On not repeating 'Gone with the Wind'

Iteration and copyright

'Gone with the Wind', by Margaret Mitchell

Iterative poetics can serve as a mode of questioning political authority while remaining conscious of the danger that one might be merely repeating what one seeks to overthrow. But some contemporary modes of iteration seem more concerned with contesting other forms of authority. These forms of authority include, as we have seen with Prigov’s 49th Alphabet, the cultural authority of classic writers, as well as the economic authority of copyright and intellectual property. These two forms of authority are sometimes, as in the examples I turn to today, intimately linked.

Take, for example, appropriation artist Richard Prince’s recent work The Catcher in the Rye, in which Prince seemingly demands to be sued by publishing a copyrighted classic that has sold millions under his own name. Iterative strategies have also been used to challenge the copyright of another fiercely protected US classic: Gone with the Wind. Iteration here also becomes a way to respond to a more pernicious form of cultural copying: stereotyping.

In 2001, the estate of Margaret Mitchell took the publisher Houghton Mifflin to court to prevent the imminent publication of Alice Randall’s The Wind Done Gone. In The Wind Done Gone, Randall rewrote Gone with the Wind from the perspective of an imagined “mulatto” — as the publisher’s blurb uncomfortably puts it — half sister to the original book’s white protagonist Scarlett O’Hara. Randall’s book appropriated some lines from Gone with the Wind as part of a story that attacked — and sought to overcome by rewriting — the racial stereotyping of the original. The Mitchell estate took Randall to court, and the district court judge found in favor of the estate, condemning the rewrite as “unabated piracy.”

In The Wind Done Gone case, the Mitchell estate sought to use the protection of copyright to silence a work that was critical of Gone with the Wind, illustrating the dangerous line between protecting copyright and limiting free speech. The appeals court recognized this problem, overturning the decision on the grounds that one of the tests for fair use is whether there is sufficient creative contribution from the appropriator––such as parody––and finding in favor of the defendant in this case.

The Wind Done Gone case not only highlighted how copyright law can threaten free speech; it also underscored the broader stakes of copying as a social practice. If Gone with the Wind has become emblematic of nostalgia for the antebellum south, then the book has achieved this status through its mimetic claim to conjure up or to describe that historical moment––to present a copy of historical reality. In making this claim, Gone with the Wind also repeats––and so arguably legitimizes––the racial stereotyping of African Americans within US society. Copying Gone with the Wind, then, becomes a highly charged question of history and racial politics.
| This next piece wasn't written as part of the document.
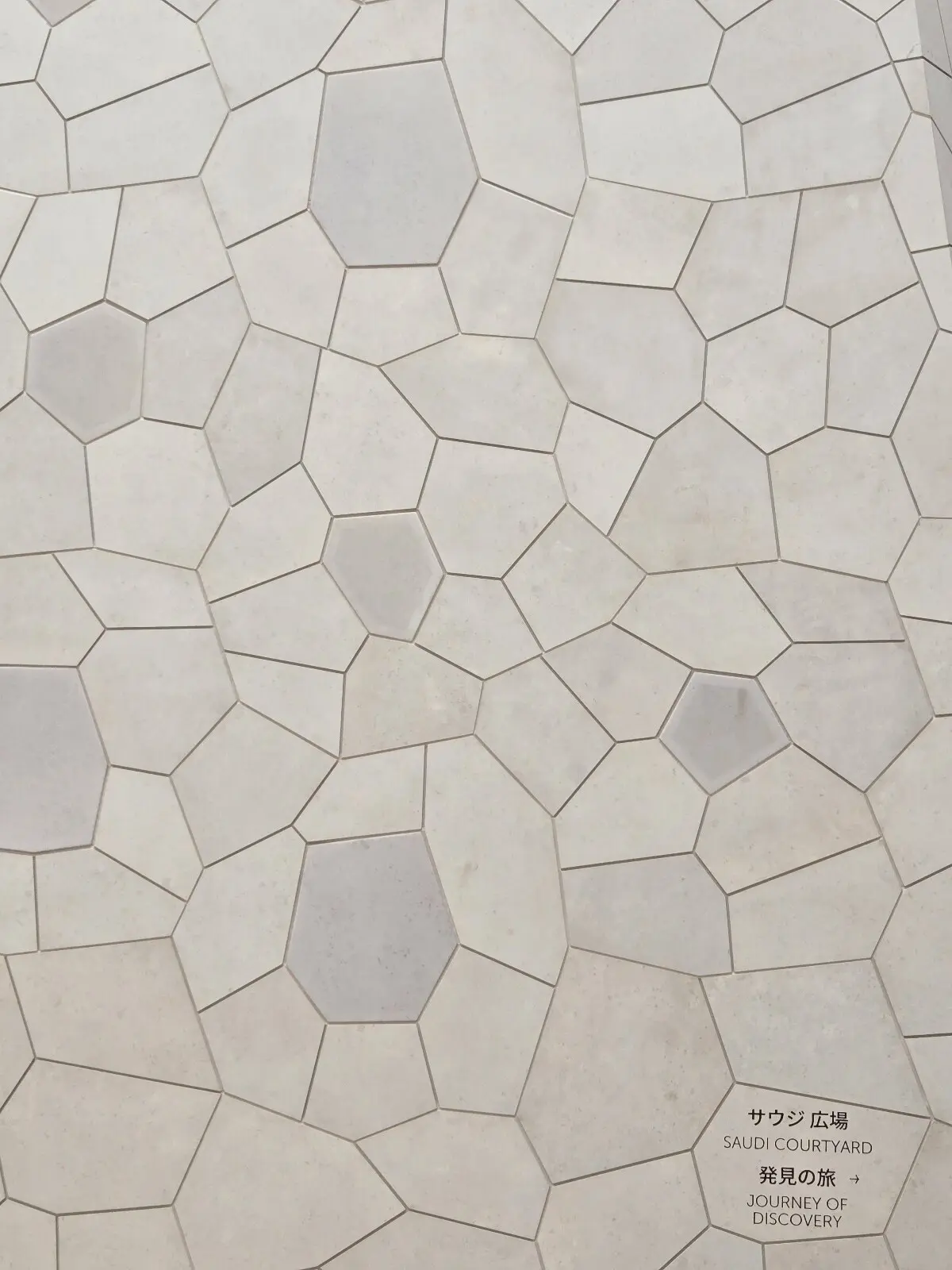 やっぱり行き当たりばったり?な大阪・関西の画像_27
We can see this even more clearly in the writer Vanessa Place’s more recent appropriations of Gone with the Wind. Place has produce at least three works based on Gone with the Wind. Place’s “Miss Scarlett” has been discussed by Brian Reed elsewhere. And Place is currently broadcasting Gone with the Wind tweet by tweet through her Twitter feed. Here, I want to note yet another iteration: Place’s “White Out” of the text, which you can watch below.

 

Apart from signaling that she is rewriting Gone with the Wind by reading aloud the novel’s famous final line, Place’s performance is a non-reading, erasure, or “White Out” of the entire novel, in which she stands silently in front of her increasingly uncomfortable audience for two minutes. Of course, “white out” might also refer to the original text’s racist, white supremacist ideology and its silencing of other voices. The silence, then, is ambiguous: it could mark Place’s attack by deletion on Gone with the Wind’s racist ideology, or it could be a performance of that racist ideology’s stifling of other voices. Or the silence could refer to the copyright case over The Wind Done Gone. Just as the Mitchell estate sought an injunction to stop Randall’s rewriting being published, Place performs the violence of this muzzling as a non-reading, as silence. Through the indeterminate meaning of these two minutes of silence, Place highlights ethical questions about copying Gone with the Wind, indeed about reading it at all.